Assignment - Look through the data below and extract, unchanged, the lines from the one that contains "Une femme dort" to the one that contains "sitting room with", both included.

Material shown -
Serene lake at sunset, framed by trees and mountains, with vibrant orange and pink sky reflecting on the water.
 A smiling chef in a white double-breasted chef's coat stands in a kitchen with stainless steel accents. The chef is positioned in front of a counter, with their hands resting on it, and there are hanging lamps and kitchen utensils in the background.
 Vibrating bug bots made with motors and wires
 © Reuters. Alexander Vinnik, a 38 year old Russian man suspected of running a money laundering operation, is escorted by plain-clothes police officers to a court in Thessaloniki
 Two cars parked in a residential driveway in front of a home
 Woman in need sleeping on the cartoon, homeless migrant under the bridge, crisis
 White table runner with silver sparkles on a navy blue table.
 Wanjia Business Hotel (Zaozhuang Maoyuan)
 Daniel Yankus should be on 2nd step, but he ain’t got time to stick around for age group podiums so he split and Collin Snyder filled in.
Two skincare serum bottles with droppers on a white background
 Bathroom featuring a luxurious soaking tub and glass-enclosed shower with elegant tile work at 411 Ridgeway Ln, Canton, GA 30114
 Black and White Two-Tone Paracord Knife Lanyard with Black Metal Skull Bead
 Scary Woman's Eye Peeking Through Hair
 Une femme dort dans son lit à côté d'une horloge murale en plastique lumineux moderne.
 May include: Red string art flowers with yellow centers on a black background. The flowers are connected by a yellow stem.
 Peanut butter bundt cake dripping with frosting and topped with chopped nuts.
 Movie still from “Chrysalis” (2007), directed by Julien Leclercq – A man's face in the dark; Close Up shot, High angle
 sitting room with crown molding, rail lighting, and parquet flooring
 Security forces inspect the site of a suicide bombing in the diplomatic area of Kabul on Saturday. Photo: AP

Solution to the problem -
 Une femme dort dans son lit à côté d'une horloge murale en plastique lumineux moderne.
 May include: Red string art flowers with yellow centers on a black background. The flowers are connected by a yellow stem.
 Peanut butter bundt cake dripping with frosting and topped with chopped nuts.
 Movie still from “Chrysalis” (2007), directed by Julien Leclercq – A man's face in the dark; Close Up shot, High angle
 sitting room with crown molding, rail lighting, and parquet flooring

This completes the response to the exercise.